Ever since I went to live in Edale in the Derbyshire Peak District over thirty years ago I have been fascinated by the landscape of hills and lonely, windswept moors, deep caverns and waterfalls. Many of the local names suggest tales that have been wondered at for hundreds of years, and one of these is a lonely stretch of water known as Mermaid’s Pool.
Why a mermaid?
Why an inland pool, miles from the sea? And why is its very name so haunting?
And the legend persists. A beautiful mermaid lives there, far from the sea. And she’s not the only one. Another inland mermaid lives in Black Mere (also known as the Blake Mere Pool or Pond) in the Staffordshire Peak District.
Locally, their stories are not connected. I suspect there are many water creatures lurking below the surface of the tarns and meres, lakes, pools and ponds, loughs, lochs and lochans of the British Isles, and they are here to enchant and mystify and terrify, to explain the song of the rushes or the ruffling of the water’s surface, the shadows and drifts of reflected light; the mysterious drownings.
The story is set
So when Tamsin Rosewell and I decided to create a new book together, it was her suggestion that I set it in one of the local places with legends. She was immediately enthusiastic about the idea of basing our book on the mermaid’s pool. So I climbed up to the Kinder Mermaid’s Pool, and let my imagination hover there. That was in February 2023.
The odyssey
An odyssey, according to the concise Oxford dictionary, is a long, adventurous journey.
As related in the marine sanctuary to Sasha, the odyssey is a story of how and why a seamaiden of long ago came to be in a mountain pool, and of her desperate search for her true home. It is a story of growing up, as the journey she makes is not only physical but emotional, testing her loyalty, her strength and her courage.
The development of The Seamaiden’s Odyssey
When Tamsin and I first put the idea to our publisher, Hazel Holmes of UCLan Publishing, we were thinking of perhaps creating a mermaid story for young readers. Gradually, as the idea grew, so did the book. We already knew that we didn’t want any of the illustrations to make our sea creature a pink and sequined figure. We rejected the term word mermaid in favour of seamaiden.
She had to be a strange, beautiful and mysterious animal, and yet emotionally she had to be someone that an older reader might identify with. With much encouragement from Hazel and from the inspiring fiction editor, Kathy Webb, the simple magical story grew into a coming of age novella for all time.

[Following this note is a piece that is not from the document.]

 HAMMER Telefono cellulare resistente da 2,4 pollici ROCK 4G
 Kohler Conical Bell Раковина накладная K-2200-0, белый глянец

Her sisters, Edyn and Tesh, had secrets of their own that they no longer wanted to share with her.
The research
I began by researching local explanations for the naming of the pool, which lies on the Kinder plateau not far from the waterfall known as Kinder Downfall. It is said that a mermaid lives in the pool, which is far from the sea but ‘possibly’ connected by tunnels to the ocean. There are other mermaid pools in the Peak District and elsewhere, each with their different explanations of how she arrived there (eg deposited by a sailor who had fallen in love with her), and how she behaves (eg threatens to drown the inhabitants of the nearby village if they won’t leave her alone).
Research acknowledgements
I contacted John Widdowson, renowned linguist and folklorist living in the Peak District, who has donated his collection of over one thousand books and pamphlets to Sheffield Hallam University. I asked him what he could tell me about our local mermaid pool, and he gave me several references and the following quote:
In the Reader’s Digest Association’s Myths and Legends of Britain, London, 1973, p. 32, there is a very brief mention of the Pool as part of a general article on mermaids. The relevant section reads as follows: “Mermaids, usually associated with the sea, were also believed to be guardian spirits of inland waters, from where they would keep an eye on the affairs of men”.
John also directed me to a novel by a Victorian author, Mrs Humphry Ward, The History of David Grieve. I managed to get hold of a digitised version of the novel, which is well worth a read – romantic, atmospheric and dramatic, especially in the early part, where the young hero climbs up to the pool below Kinder, determined to find the mermaid for himself, and is sorely tricked by his sister.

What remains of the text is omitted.